• [TASK DESCRIPTION]:
Please, without any pictures, transcribe the lines from the one holding "Juweliere von Oytrui" to the end of the listing, both ends included.

• [PROVIDED MATERIAL]:
*** Begin section ***

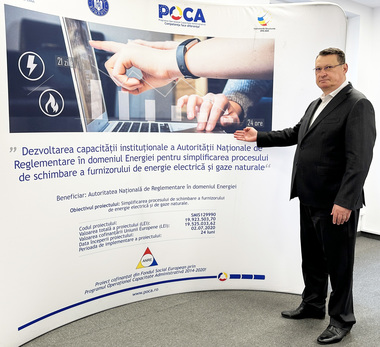 Autoritatea din Energie lansează asistentul virtual Eva pentru utilizarea platformei online de schimbare a furnizorului de energie electrică şi gaze naturale 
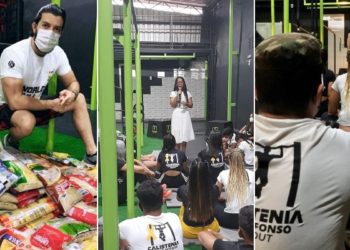 Calistenia Paulo Afonso realiza três grandes projetos de valorização à vida através do esporte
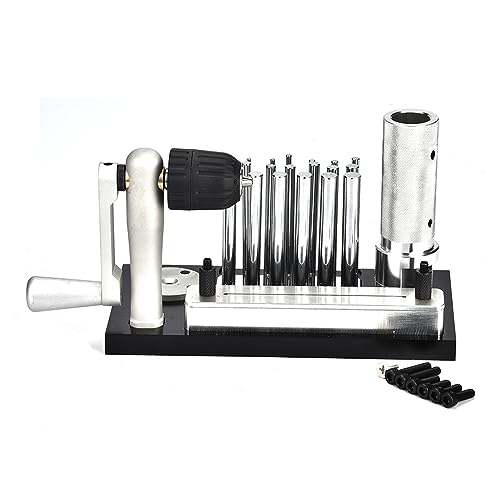 Oytrui Schmuckringwerkzeug, Edelstahl -Sprungringhersteller mit 20 Spindeln 2,5 Bis 12 Mm, Professionelles Ring -Sprungwerkzeug für Juweliere Oytrui Schmuckringwerkzeug, Edelstahl -Sprungringhersteller mit 20 Spindeln 2,5 Bis 12 Mm, Professionelles Ring -Sprungwerkzeug für Juweliere von Oytrui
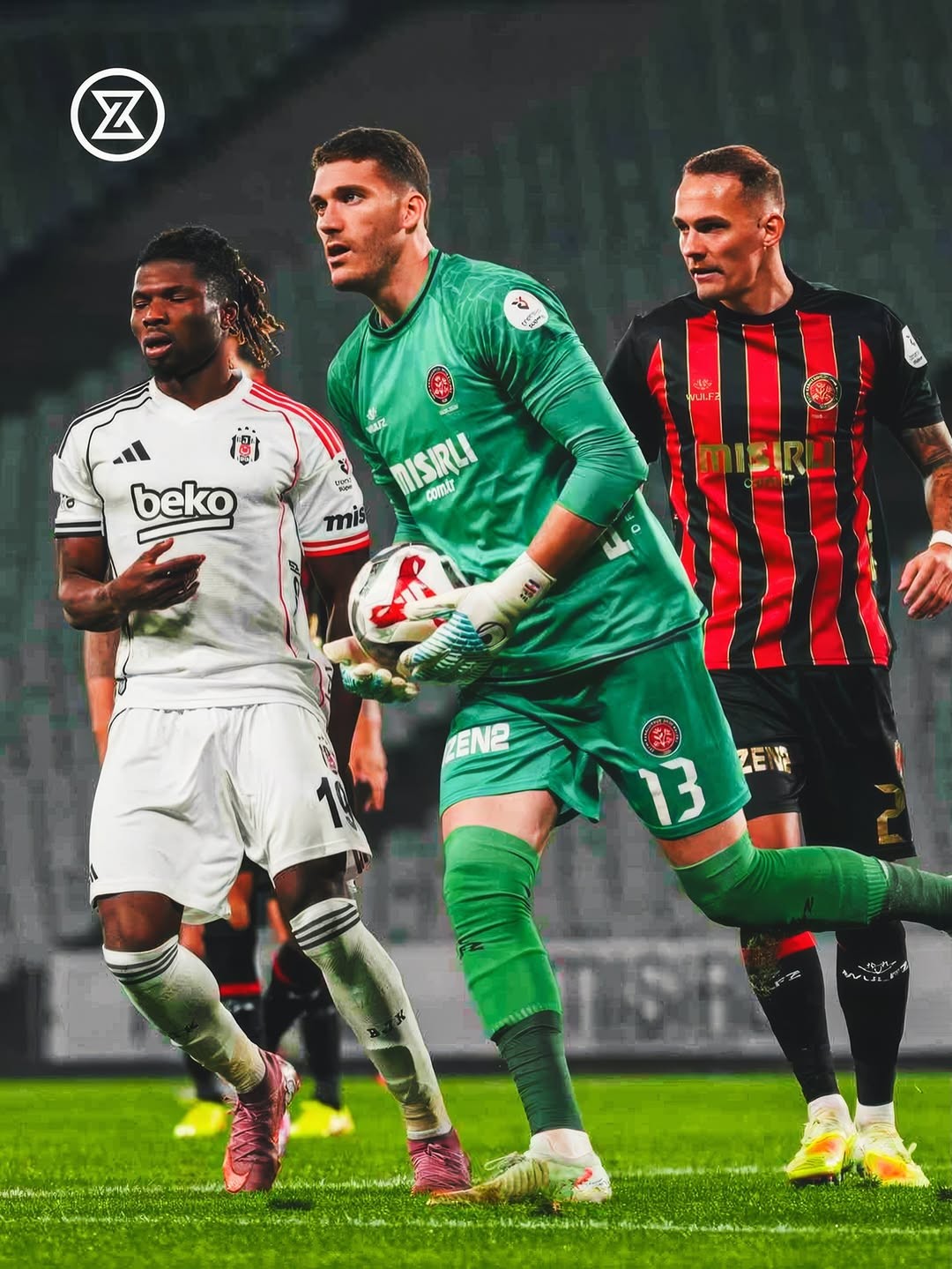 Fatih Karagümrük 2025-26 GK 1 Kit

*** End section ***

• [EXERCISE SOLUTION]:
 Oytrui Schmuckringwerkzeug, Edelstahl -Sprungringhersteller mit 20 Spindeln 2,5 Bis 12 Mm, Professionelles Ring -Sprungwerkzeug für Juweliere Oytrui Schmuckringwerkzeug, Edelstahl -Sprungringhersteller mit 20 Spindeln 2,5 Bis 12 Mm, Professionelles Ring -Sprungwerkzeug für Juweliere von Oytrui
 Fatih Karagümrük 2025-26 GK 1 Kit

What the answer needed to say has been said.